# Exercise description
Write out the line that contains "DREAMADE Trotteur Bébé", then every following line to the end of the records below, with no other lines and no changes.

- Opening Delimiter -

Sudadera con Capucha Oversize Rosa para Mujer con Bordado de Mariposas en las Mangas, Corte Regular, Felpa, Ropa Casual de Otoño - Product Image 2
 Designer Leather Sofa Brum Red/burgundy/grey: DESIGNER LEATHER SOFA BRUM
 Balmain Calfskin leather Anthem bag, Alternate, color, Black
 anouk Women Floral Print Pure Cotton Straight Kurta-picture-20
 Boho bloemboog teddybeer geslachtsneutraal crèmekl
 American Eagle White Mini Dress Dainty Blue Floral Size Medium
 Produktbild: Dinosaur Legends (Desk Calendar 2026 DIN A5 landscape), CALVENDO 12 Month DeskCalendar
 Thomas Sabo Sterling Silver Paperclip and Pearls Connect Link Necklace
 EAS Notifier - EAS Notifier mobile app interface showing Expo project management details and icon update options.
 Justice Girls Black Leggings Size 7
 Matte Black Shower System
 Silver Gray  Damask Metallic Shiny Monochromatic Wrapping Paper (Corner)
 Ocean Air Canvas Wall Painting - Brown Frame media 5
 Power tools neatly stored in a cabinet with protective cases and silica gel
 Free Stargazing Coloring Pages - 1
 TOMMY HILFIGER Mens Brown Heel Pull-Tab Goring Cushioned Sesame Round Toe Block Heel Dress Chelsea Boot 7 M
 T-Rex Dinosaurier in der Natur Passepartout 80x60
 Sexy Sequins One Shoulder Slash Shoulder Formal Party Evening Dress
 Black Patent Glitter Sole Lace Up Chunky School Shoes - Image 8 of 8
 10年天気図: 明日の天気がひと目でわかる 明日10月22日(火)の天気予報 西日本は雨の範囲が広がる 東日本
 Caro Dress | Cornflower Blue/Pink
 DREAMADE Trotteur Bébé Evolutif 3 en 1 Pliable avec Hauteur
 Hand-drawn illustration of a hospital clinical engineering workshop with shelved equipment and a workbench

- Closing Delimiter -

# Reply
 DREAMADE Trotteur Bébé Evolutif 3 en 1 Pliable avec Hauteur
 Hand-drawn illustration of a hospital clinical engineering workshop with shelved equipment and a workbench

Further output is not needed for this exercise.